Thursday, June 9, 2011

bees are back

 "Stella D'Oro" daylily today a visitor wallowed in it's pollen.

This morning I was up and out in the garden early to beat the heat. We are expecting a second day with heat index at 100-105ºF about the same as yesterday. I discovered that if I get up really early and go out it is cool and quite pleasant in the garden. I have been doing long walks this past week in the middle of the day and this past two days earlier in the morning. We have lots of shade trees in our area, huge old oaks and linden trees stand along most of the sidewalks.  I take full advantage of them for long walks.
Mornings I always do my journaling then a sketch of something in the garden and I take some photos before the sun comes over the house and "over lights" the flowers. Sunshine directly on them tends to "blow out" all the subtle colors and tones if it is shinning on the flowers. A tip for you flower photographers, get up early or go late in the day to the gardens you want to picture and your images will be more detailed.
Today I saw that we had a lot of bees in the garden.

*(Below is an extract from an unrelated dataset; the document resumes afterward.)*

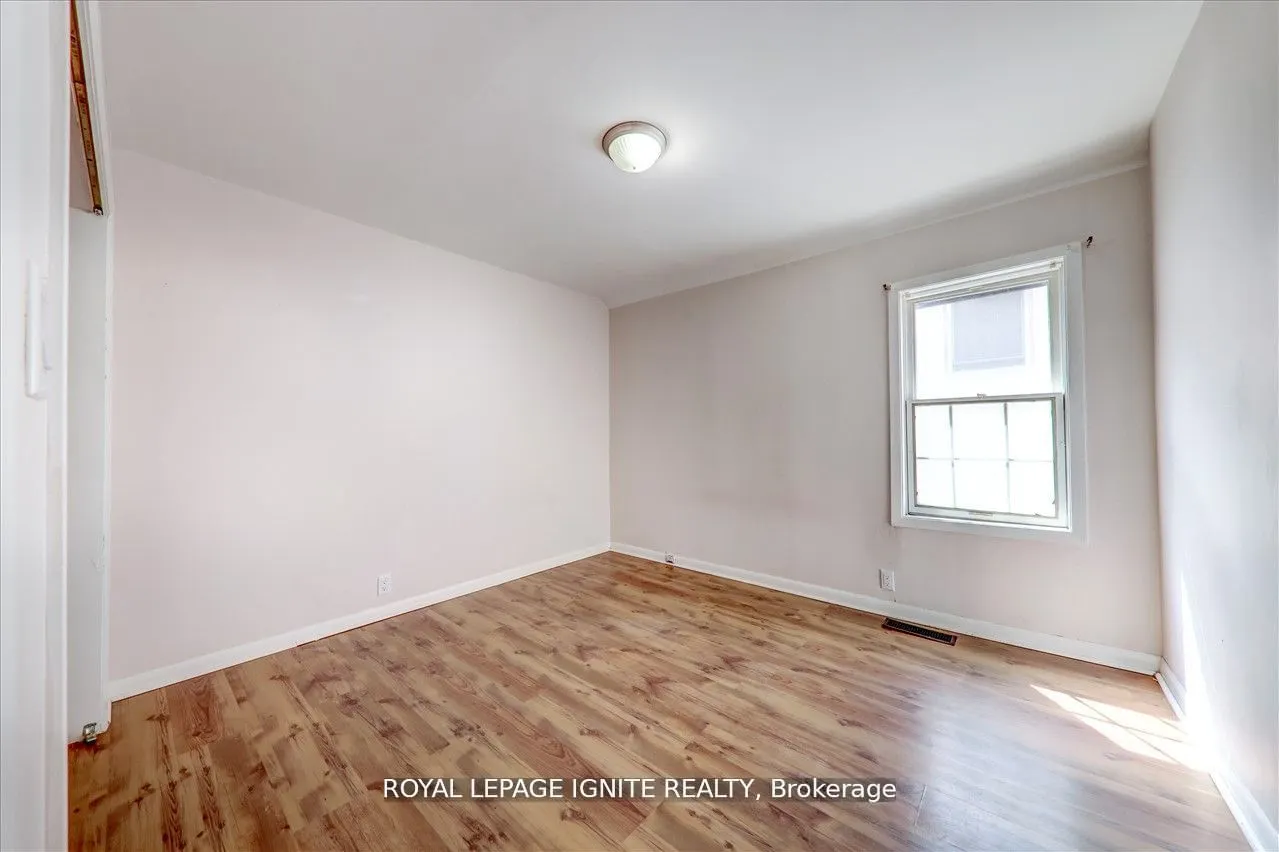 3 Hastings Street N, #B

I can't resist trying to get a good shot of them when they are visiting our flowers. I have been shooting pictures of our beautiful tall hollyhocks over the last week. They are a biennial flower that means they have to grow for a one year before they flower the second year and go to seed and die. So it is a big event for a gardener to have the biennial bloom. Waiting two years for any flower is especially hard but thoroughly rewarding. We also have Mullein a kind of wild flower imported from Europe with the first settlers as a medicinal as well as yellow foxgloves and money plant that are all biennial. This is our first outstanding show from the hollyhocks. This one is a pure white with a fancy frilly flower. I was wondering if the pollinators could get into these frilly flowers to find something to pollinate and make seed. These hollyhocks have so many petals I could not see the sex organs. Today the bumble bees showed me where they are and how easy it is to get to them if, like them, you want their sweet nectar.
bumble bee on the white hollyhock 

bumble bee dives in to the center 

These bees and other small insects were visiting the mullein.

They were first noticed on the white swamp asclepia (milkweed) 

bumble bee in the upper right and two smaller creatures down to the left 
European honey bees from the bee hives at the local monastery visiting the orange asclepia (butterfly weed)

money plant's second year show of purple 

the money plant was a nice back drop for the bearded iris this year too!